The phrase was used in the "Sixty Articles on Higher Education" (高教六十条 (gāojiào liùshí tiáo)) draft document, issued by the CCP Central Committee in September 1961.

The slogan was increasingly applied to the cultural sphere in the early 1960s. In the cultural context, this slogan criticized the idea of "artistic genius" as a bourgeois trick to deny the artistic abilities of ordinary people.

Deng Xiaoping used the phrase at the National Science Conference in 1978, proposing that the scientific workforce should become "both red and expert".

Chen Baosheng, Minister of Education, spoke about the need to cultivate "both red and expert" university graduates in a 2017 speech. The use of the phrase received notice online, attracting attention from some Chinese netizens who pointed out the phrase's association with the Cultural Revolution and criticized its use. The Diplomat, a United States magazine about Asian affairs, argued that use of the phrase was tied to a government push to encourage loyalty to the Communist Party. The Diplomat suggested it could also indicate a shift towards Mao-era policy, a notion disputed in an article by Lin Aiyue on the Chinese website Chawang, which argued that "red" solely meant patriotism and loyalty to one's people.

==Analysis==
The term has been connected to socialist realism in Mao-era Chinese art, which emphasized "red" socialist messaging along with realistic depictions of "expert" productive development and the lives of skilled workers.
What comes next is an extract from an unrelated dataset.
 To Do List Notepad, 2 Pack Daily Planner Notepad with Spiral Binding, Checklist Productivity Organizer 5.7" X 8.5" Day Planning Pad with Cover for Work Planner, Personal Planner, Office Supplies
According to Liu Je-Hung of National Taiwan Normal University, Mao's difficulty in balancing being "red" and being "expert" among party cadres led him to increasingly value generalized over specialized knowledge. The eventual result was that being "red" within the party was valued over being "expert", leading to a lack of specialized expertise within leadership that caused the failure of the Great Leap Forward.
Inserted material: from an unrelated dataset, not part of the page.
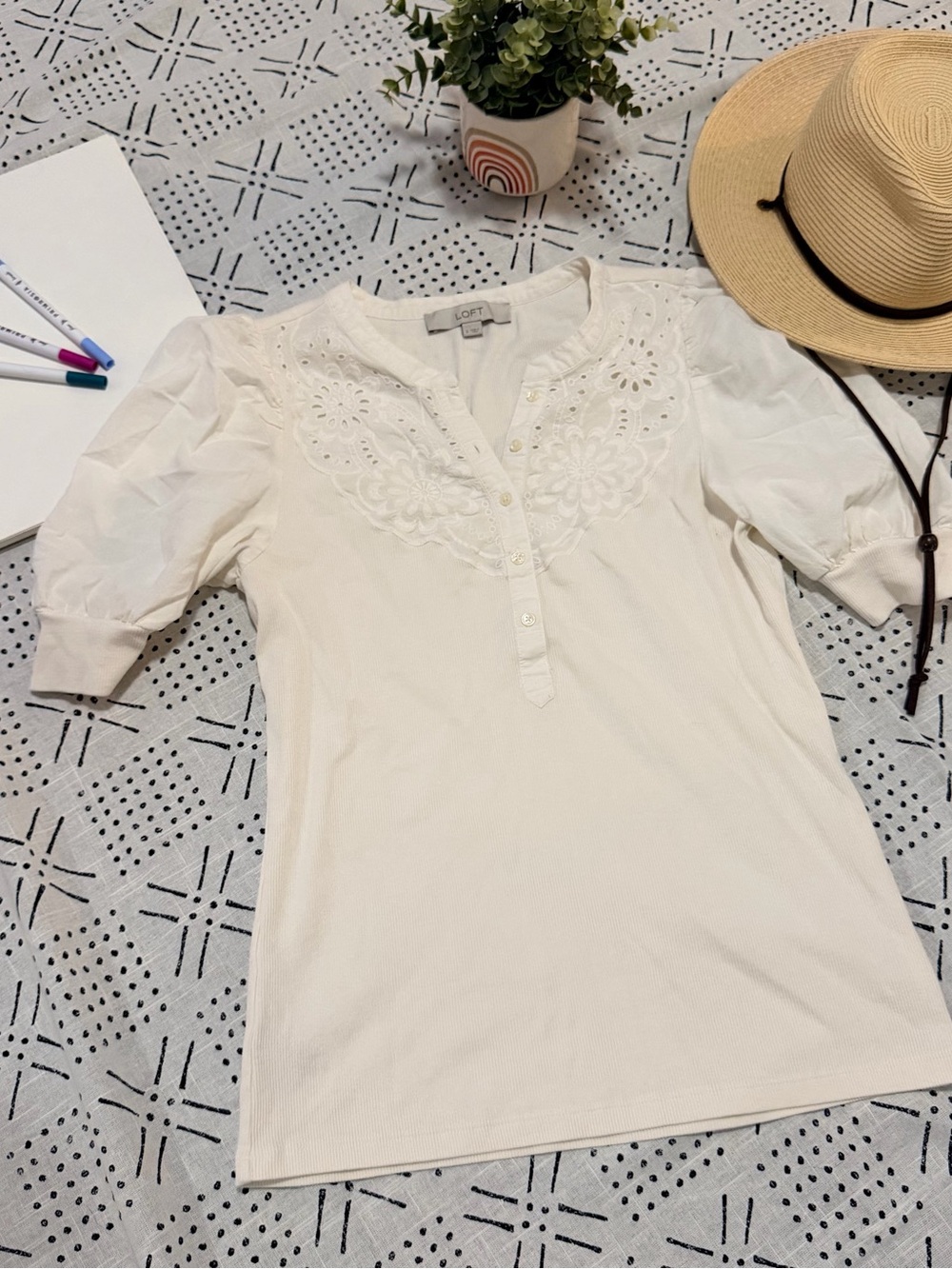 LOFT Cream Embroidered V-Neck Puff Sleeve Top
Western scholars have analyzed the phrase as a symbol of conflicting interest groups in the People's Republic of China. "Red" versus "expert" is a common framework for analyzing the government of the People's Republic of China, in both the Mao era and the present, and is used as a shorthand for ideological versus technocratic rule. Sinologist Martin Bernal, writing in 1966 about the Cultural Revolution, argued that conflict between "experts" and "reds" was the principle contradiction in China at the time:

...in order to function efficiently and receive the rewards they feel they deserve, “experts” want rationality and hierarchy. The “reds” are veterans of the Revolutionary war or active, poor peasants whose skills are fighting, agitation, and mobilizing people. Believing that they can rely on the spontaneity of “the masses,” the “reds” aim for passion, struggle, and equality—at least outside the Party—so as to liberate popular energy. In 1957 they led the attacks on bureaucratic privileges, misuse of official cars, special education facilities for children, and so on. It is the “red” element in Party and government that for the past nine years has insisted that all office workers should go for periods of days, months, or even years to the factories and villages to do manual labor.
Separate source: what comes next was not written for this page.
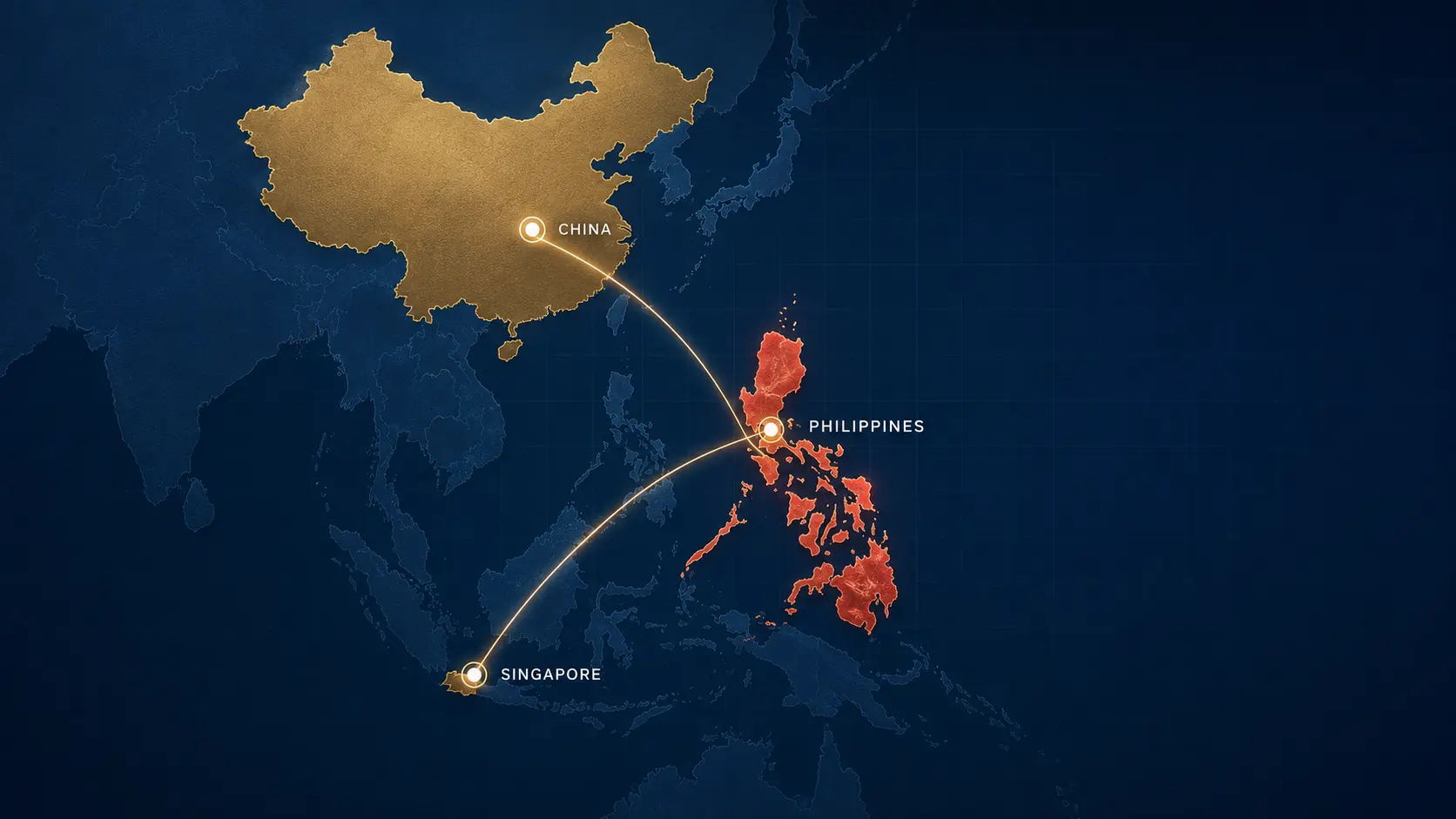 Map showing Inteliasia connections from the Philippines to China and Singapore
After Mao, Deng Xiaoping de-emphasized the importance of being "red" over being "expert", instead giving equal weight to both.

In the modern People's Republic of China, the term is associated with loyalty to the Communist Party and the government. On Chinese leftist websites, it is also associated with the promotion of grassroots knowledge and its integration with top-down institutional knowledge. Historian Sigrid Schmalzer argued that when used in this second sense, the intent is to encourage intellectuals to understand and communicate with the working class their research is meant to aid, and that "the 'participatory action research' approach adopted from the West was itself shaped by Maoist theories of knowledge."